- _Problem to solve_: Once you reach the line with "So ladies and" below, copy each line exactly, stopping after the line with "What's up everybody, we're", and skip any pictures.

:::::

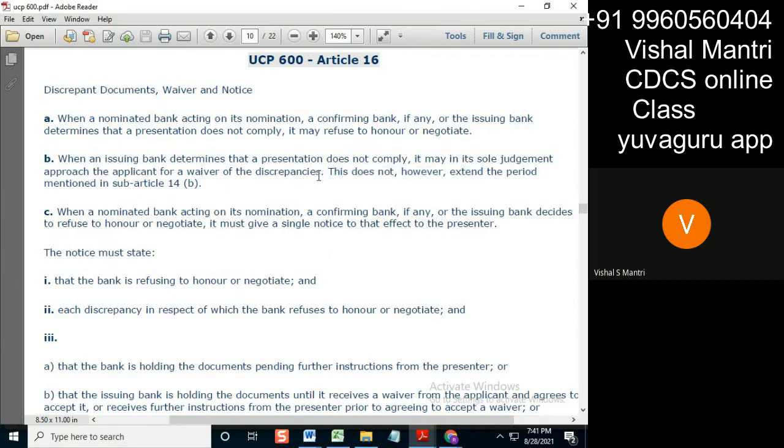Logically, the bank should immediately send the discrepancy and then go to the applicant — everything should follow that order.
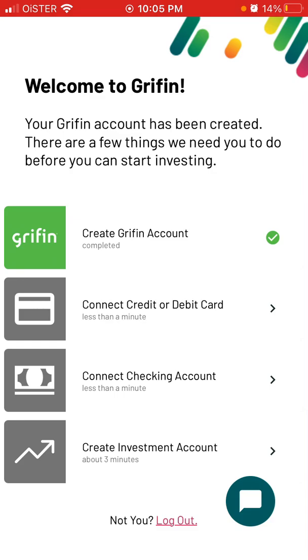You have options to create a free Griffin account, then you can connect a credit card, connect a checking account, or connect an investment account. These are the steps you need to complete before you can start investing.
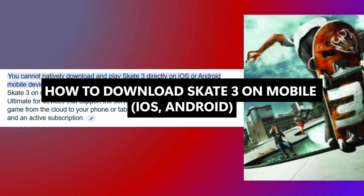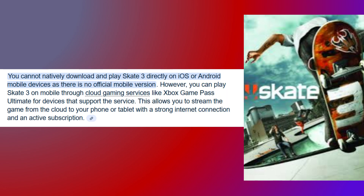Hello everyone. In this video I will show you how to download Skate 3 on mobile. So first up, you cannot natively download and play Skate 3 directly on iOS or Android mobile devices, as there is no official mobile version.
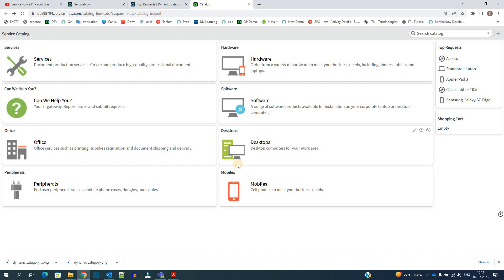So ladies and gentlemen, this is all about dynamic categories. If you have any questions, let me know in the comment section. Subscribe, share, and let us know how you feel. Thank you so much. Bye bye.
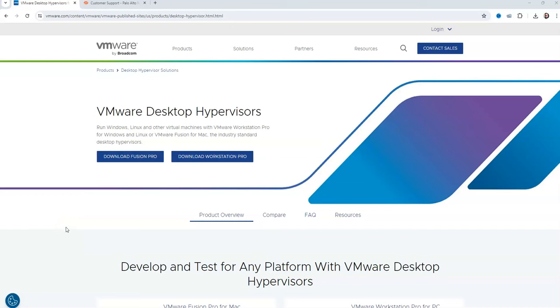What's up everybody, we're going to walk through the setup of a Palo Alto firewall on VMware.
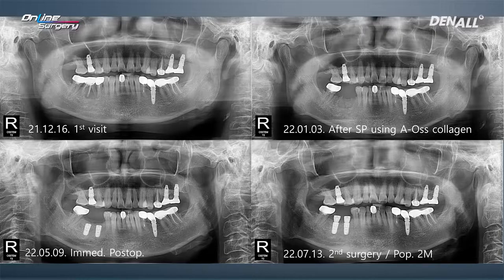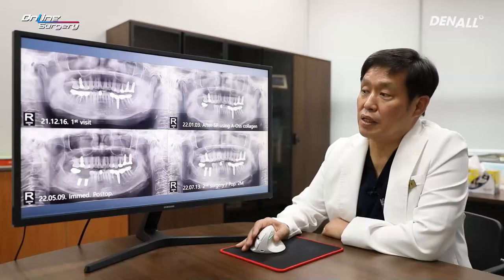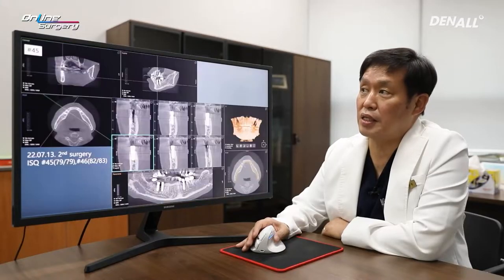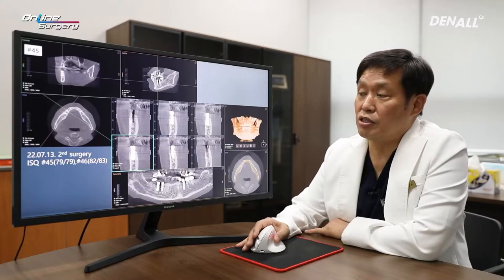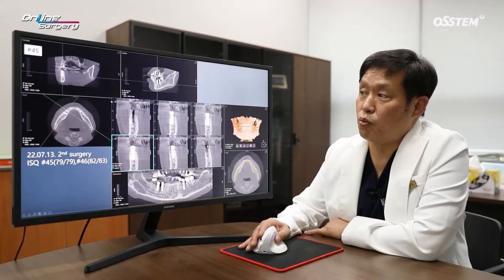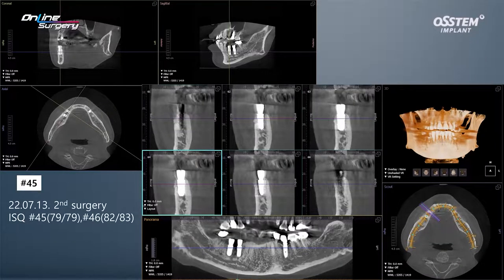About 2 months later after implant placement, healing abutments were connected and impression was taken. At the time of second surgery on CT in number 45, you can see that the bone is not fully consolidated but a favorable buccal wall can be observed.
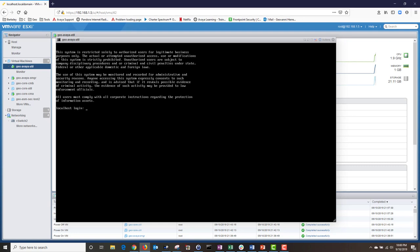My password has successfully changed and I'm logging back into my utility server. Normally, when you don't configure the network parameters of your VM server during the OVA deployment, it gives you the option to configure it when you first log in via the VMware console. The utility server for some reason did not give me this option, so we will have to configure our network parameters via a different method. In your enterprise environment, most likely you won't have to do this, but just in case, here's how.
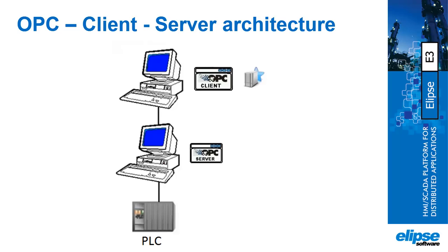In this architecture, the Ellipse E3 works as an OPC client, which is the most common use. But in some cases, the Ellipse E3 can also be used as an OPC server, providing data to the OPC client. In this example, we will show you how to use the Ellipse E3 as an OPC server.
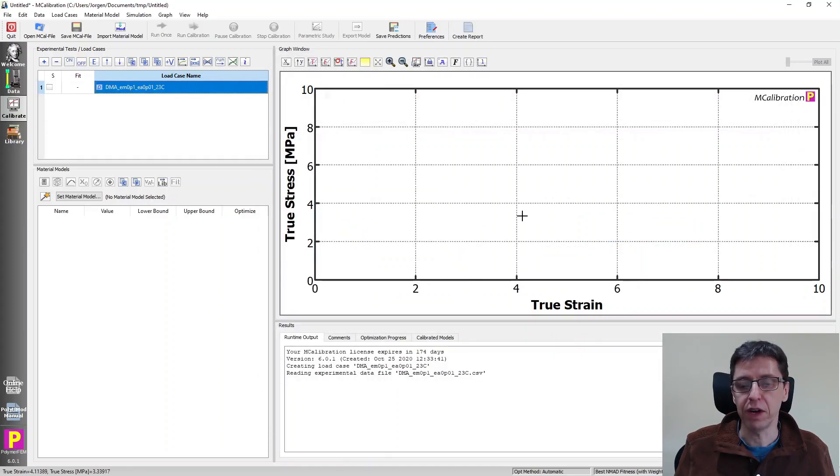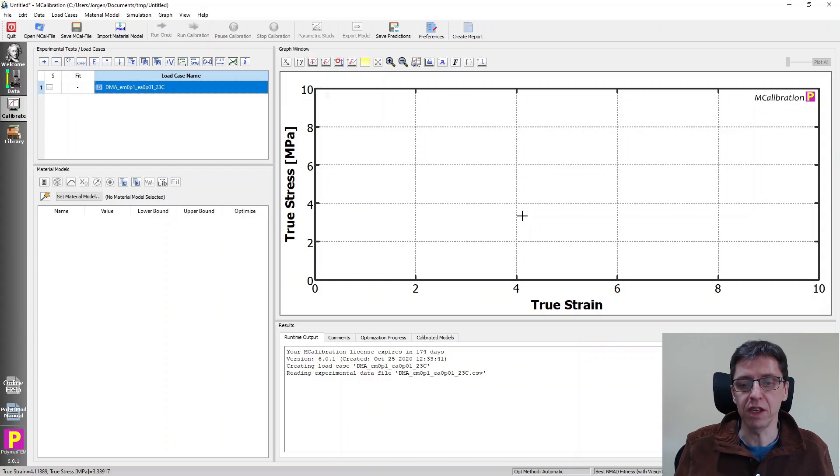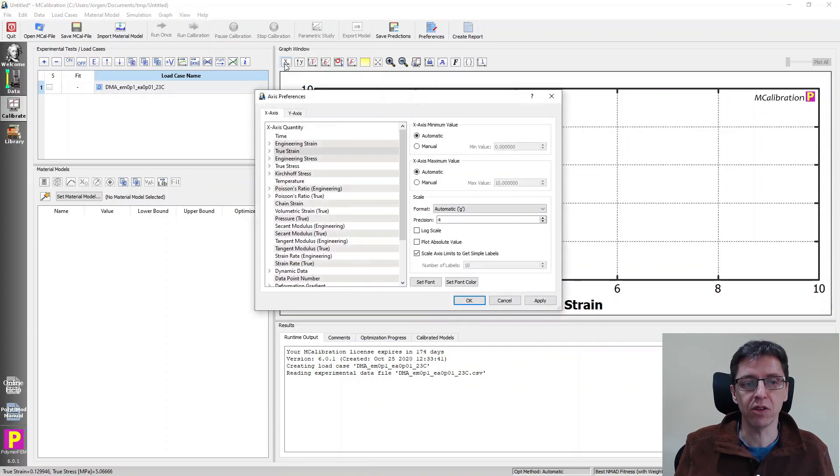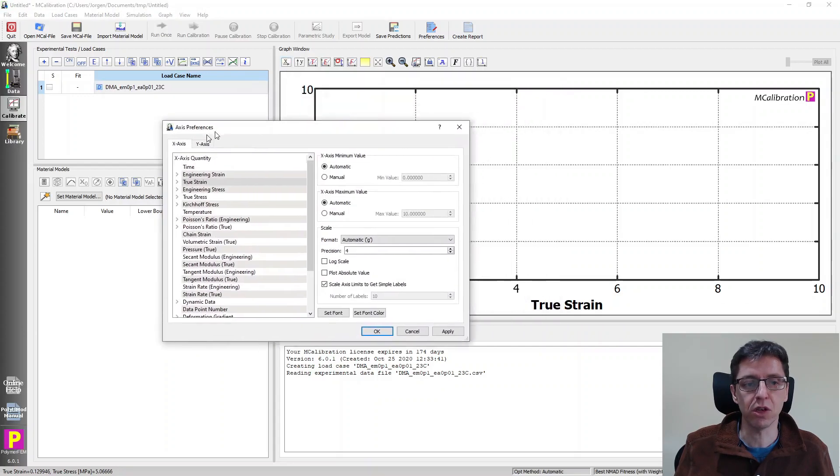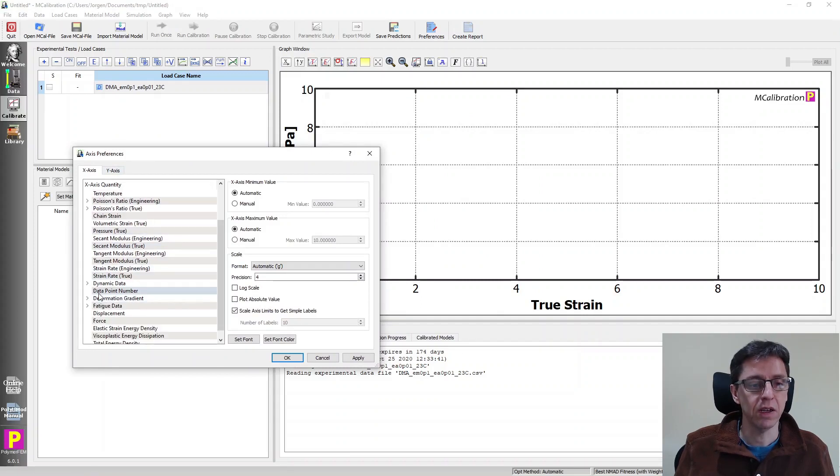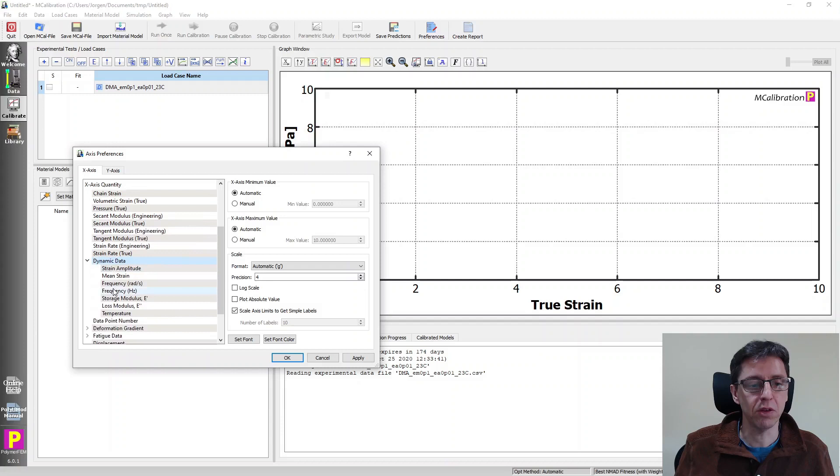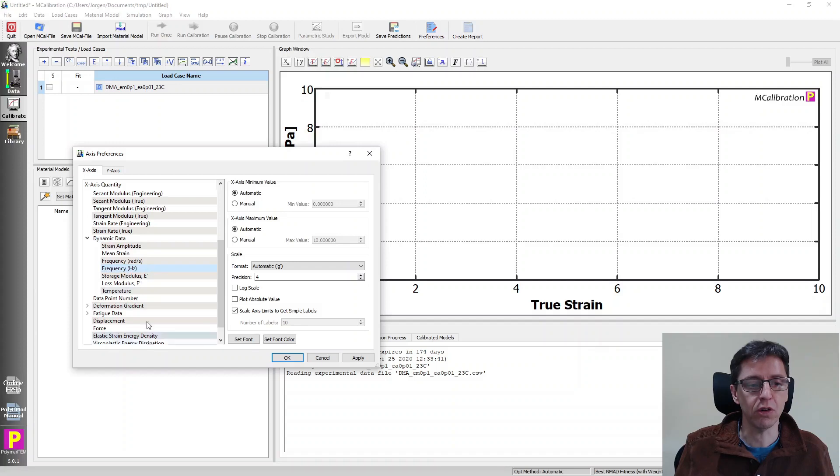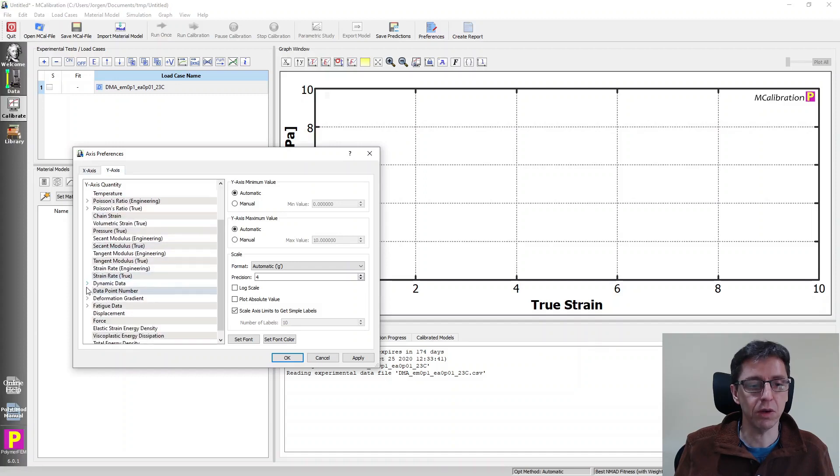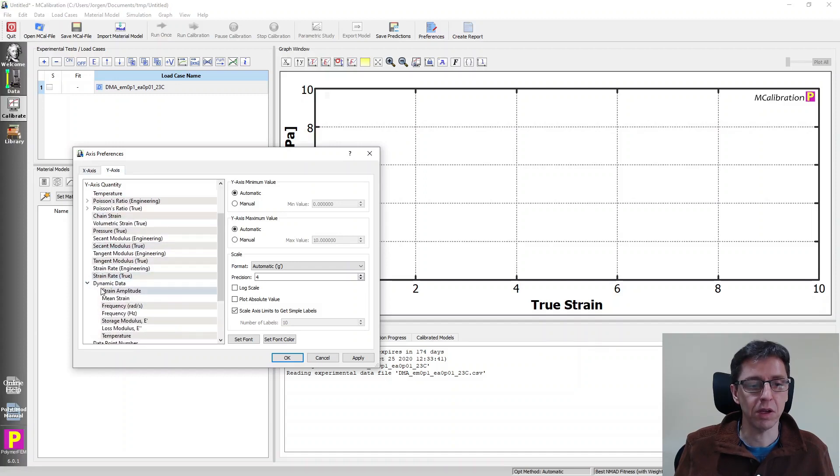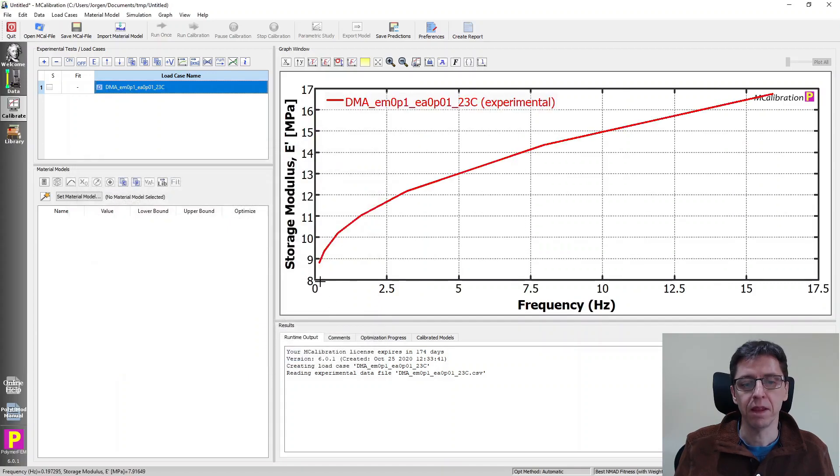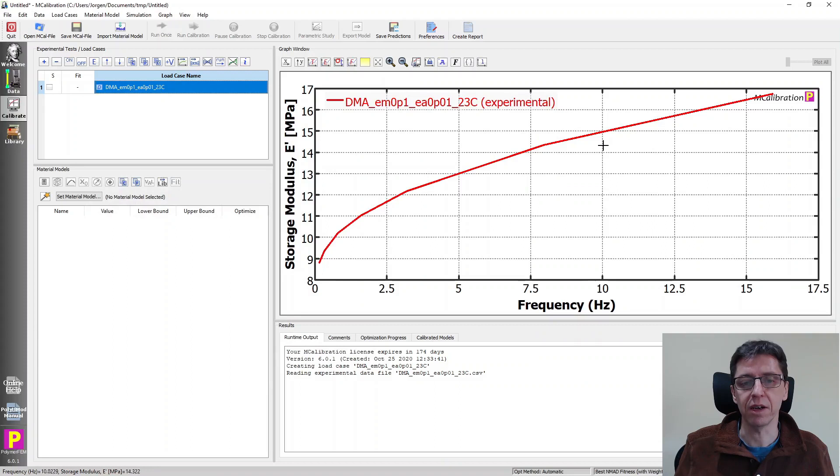But when you look at the graph, we see no data, there's nothing here. So we need to change the graph, the plot, in order to see the dynamic data. So I'm going to click on the x-axis to switch the type of data that's plotted. I'm going to go down to dynamic data and open up the sub menu here and say on the x-axis, I want to plot frequency in hertz. On the y-axis, I want to plot dynamic data storage modulus. And I say okay. Now we can see the experimental data here.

:::::

- _Task response_:
So ladies and gentlemen, this is all about dynamic categories. If you have any questions, let me know in the comment section. Subscribe, share, and let us know how you feel. Thank you so much. Bye bye.
What's up everybody, we're going to walk through the setup of a Palo Alto firewall on VMware.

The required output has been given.